January is about being gentle, about allowing fitness to grow back. One of the coaches I work with here in Boulder said last night at spin class, we test in January simply to reveal our current fitness. I really like that word, reveal. It's the time of year to cast an un-judgemental eye on where we are as athletes, what the off-season and the Christmas cookies and the many glasses of December holiday party wine have done to a triathlon season that seems so very far away (spoiler: it's not, it's right there). The numbers we're seeing now, those don't really matter, other than to tell us where we want to go. Those numbers don't tell me anything about how fast I will race in a month or two or six, or how many watts I'll put out climbing up a mountain in July. Those numbers are just me saying, to my body, hi. Hello. I hope you enjoyed all those candy cane jojo's, now let's start laying down some bricks again.

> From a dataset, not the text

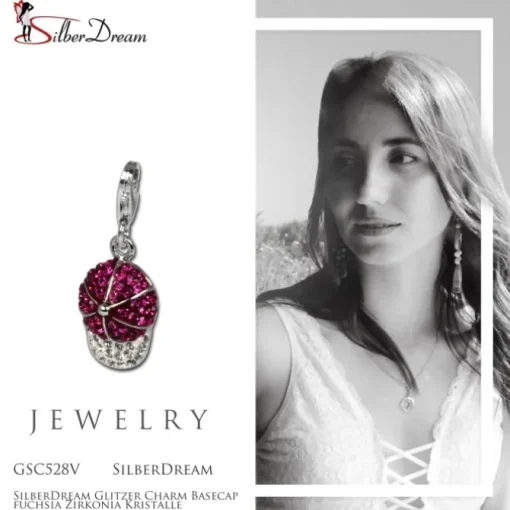 SilberDream Glitzer Charm Basecap fuchsia Zirkonia Kristalle GSC528V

I'm enjoying being out of shape, it's not always easy to remember where my fitness was in November compared to now, but I believe that it's necessary for me, for my own success this year. In a twisted way, it's fun, I am doing a lot of laughing in training right now, good giggles at what the clock says when I bother to look at it and how high I can get my heart rate up on the bike. And being here, in the January shape that I am in, has made me less afraid of the testing, somehow a switch has flipped from the brain not liking fear over to let's just see what happens when we do this. Hanging onto this feeling as I get back into the swing of training, now, that will be a good trick if I can pull it off.
My biggest accomplishments in 2013 had nothing to do with races, but instead, the steady build, the ebb and flow of my training that brought me through a year strong, (mostly) healthy, and happy. Never burned out, never overtrained, but never shying away from work, I am lucky to have had a year like that in sport. One of the changes that feels big for 2014 was asking Sonja to map out a race schedule for me (around the there's an ironman that goes past my house so I signed up race that I picked out last summer), and she has put together a year that I am excited to tackle. I can't put my finger on it exactly, and I have yet to do the first race on the schedule (although I recently discovered it's coming up a lot more quickly than I thought, whoops), but handing over the race planning seems to have taken some of the stress out of racing for me, mentally. Another feeling that would be great to hang onto, this year, if I can swing it.
But for now, it's simply time to start again.